> Provided material

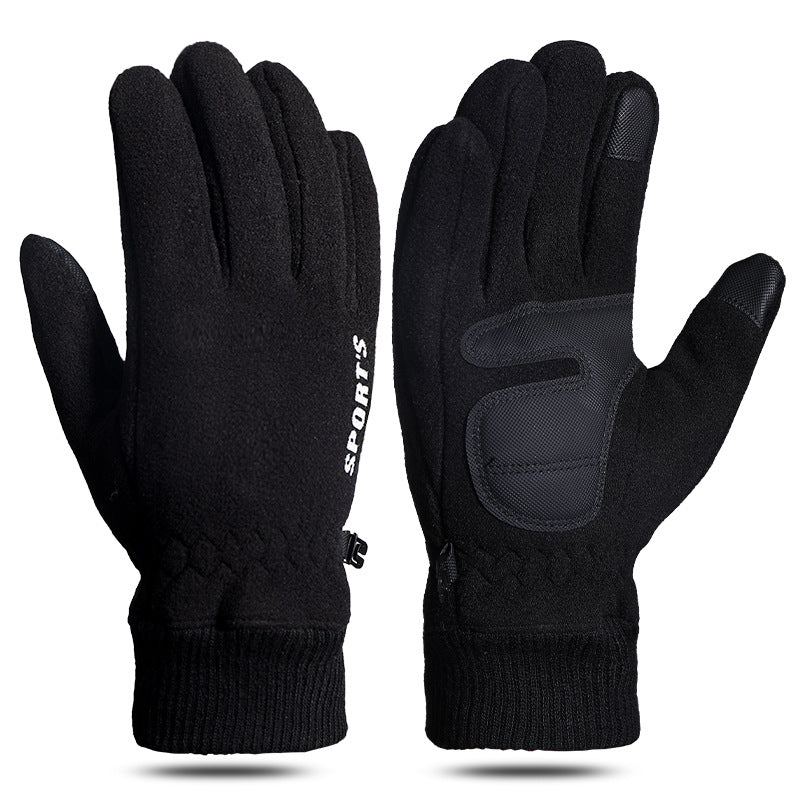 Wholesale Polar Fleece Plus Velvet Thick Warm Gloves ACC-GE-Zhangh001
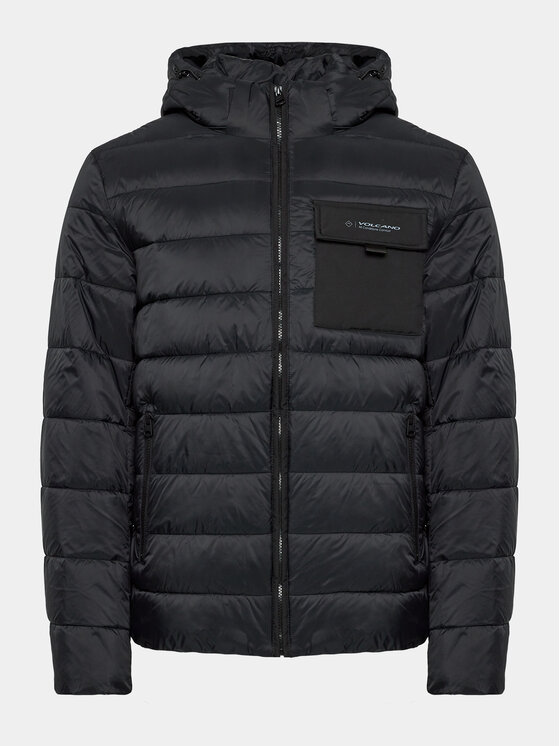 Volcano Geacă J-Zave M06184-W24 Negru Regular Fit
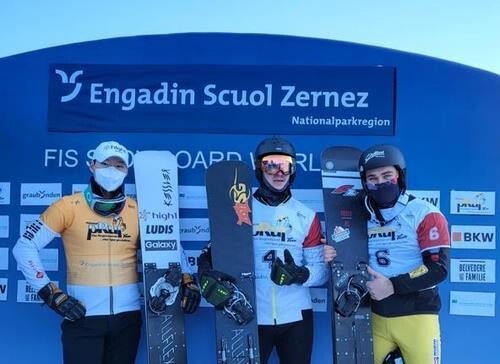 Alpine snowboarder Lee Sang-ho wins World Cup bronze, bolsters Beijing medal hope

> Exercise directions
Set down the data exactly as it appears, without any images.

> Written answer
 Wholesale Polar Fleece Plus Velvet Thick Warm Gloves ACC-GE-Zhangh001
 Volcano Geacă J-Zave M06184-W24 Negru Regular Fit
 Alpine snowboarder Lee Sang-ho wins World Cup bronze, bolsters Beijing medal hope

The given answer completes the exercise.